### What to work on
Find the line with "Küpe, Zirkon Taşlı, Kararmayan" in the records below. Output exactly from there until after the line with "A colorful camping", without pictures.

### Records shown
=== Section Start ===
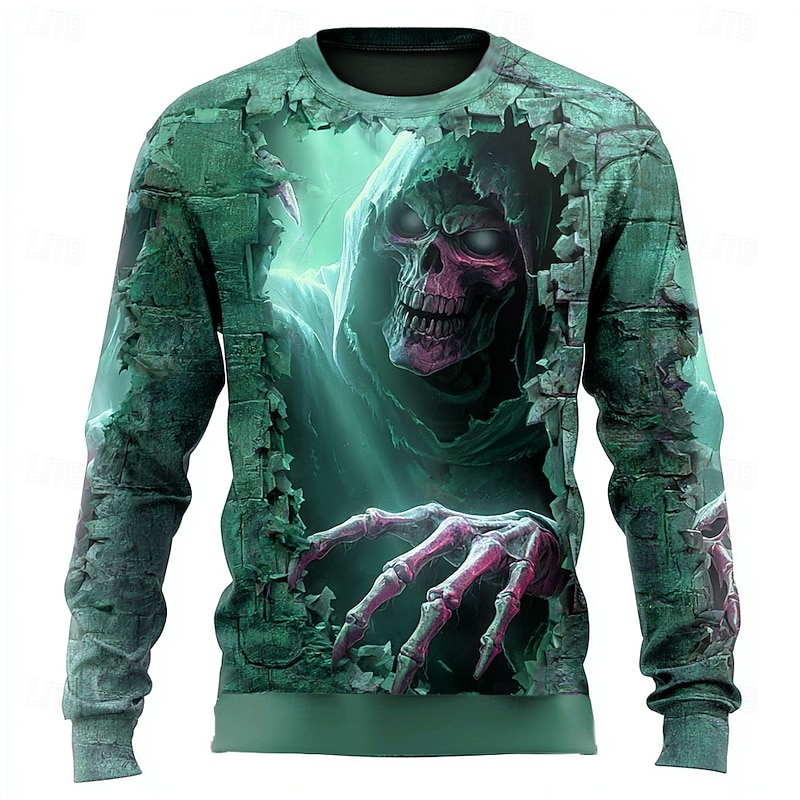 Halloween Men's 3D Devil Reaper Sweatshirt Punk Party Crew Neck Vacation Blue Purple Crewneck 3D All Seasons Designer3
=== Section End ===
=== Section Start ===
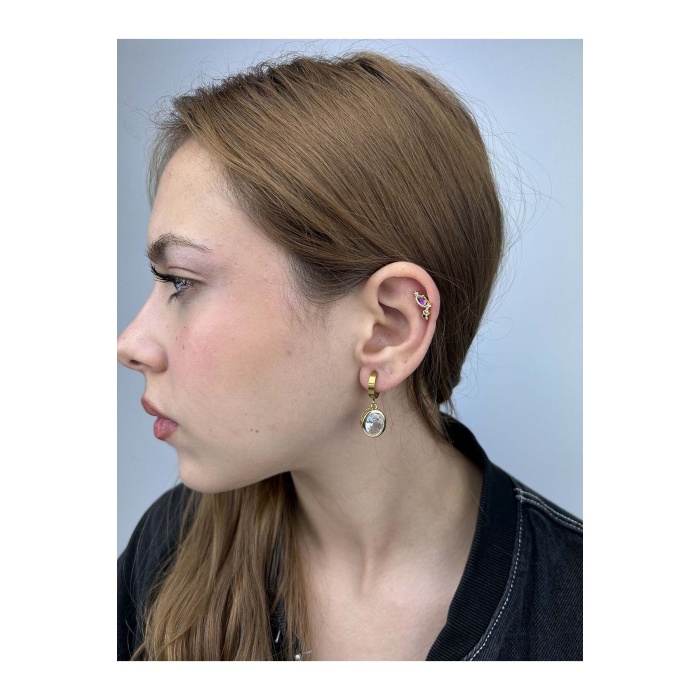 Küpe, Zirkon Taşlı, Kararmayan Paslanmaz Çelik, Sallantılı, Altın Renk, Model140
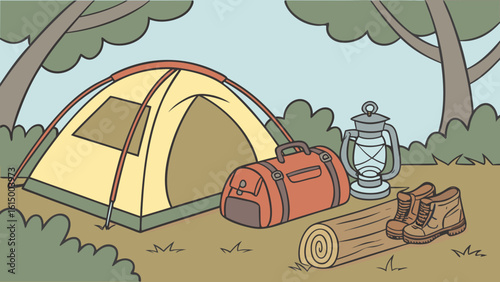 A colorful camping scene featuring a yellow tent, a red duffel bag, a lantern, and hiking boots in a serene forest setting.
=== Section End ===
=== Section Start ===
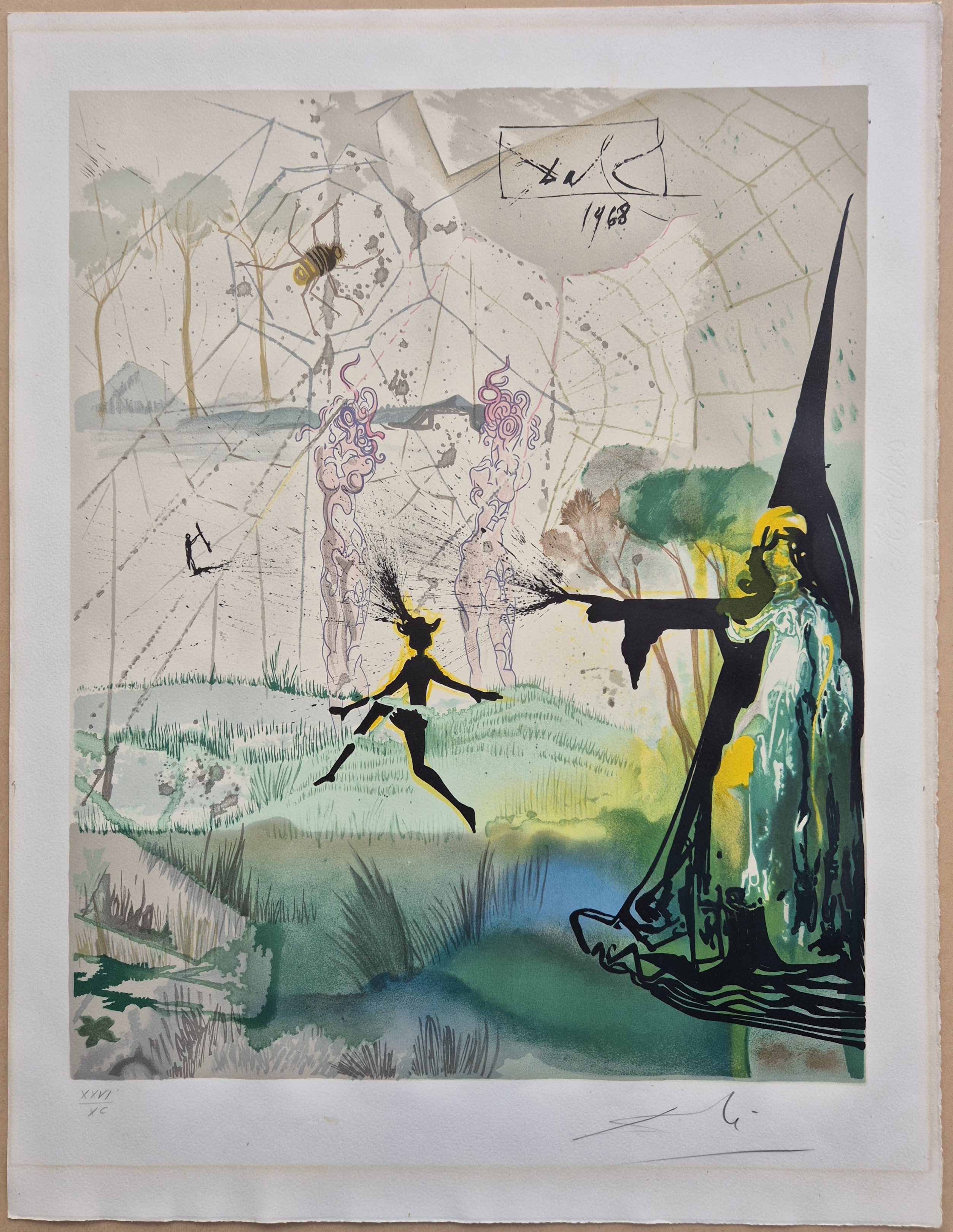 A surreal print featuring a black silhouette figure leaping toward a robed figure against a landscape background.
=== Section End ===
### Output
 Küpe, Zirkon Taşlı, Kararmayan Paslanmaz Çelik, Sallantılı, Altın Renk, Model140
 A colorful camping scene featuring a yellow tent, a red duffel bag, a lantern, and hiking boots in a serene forest setting.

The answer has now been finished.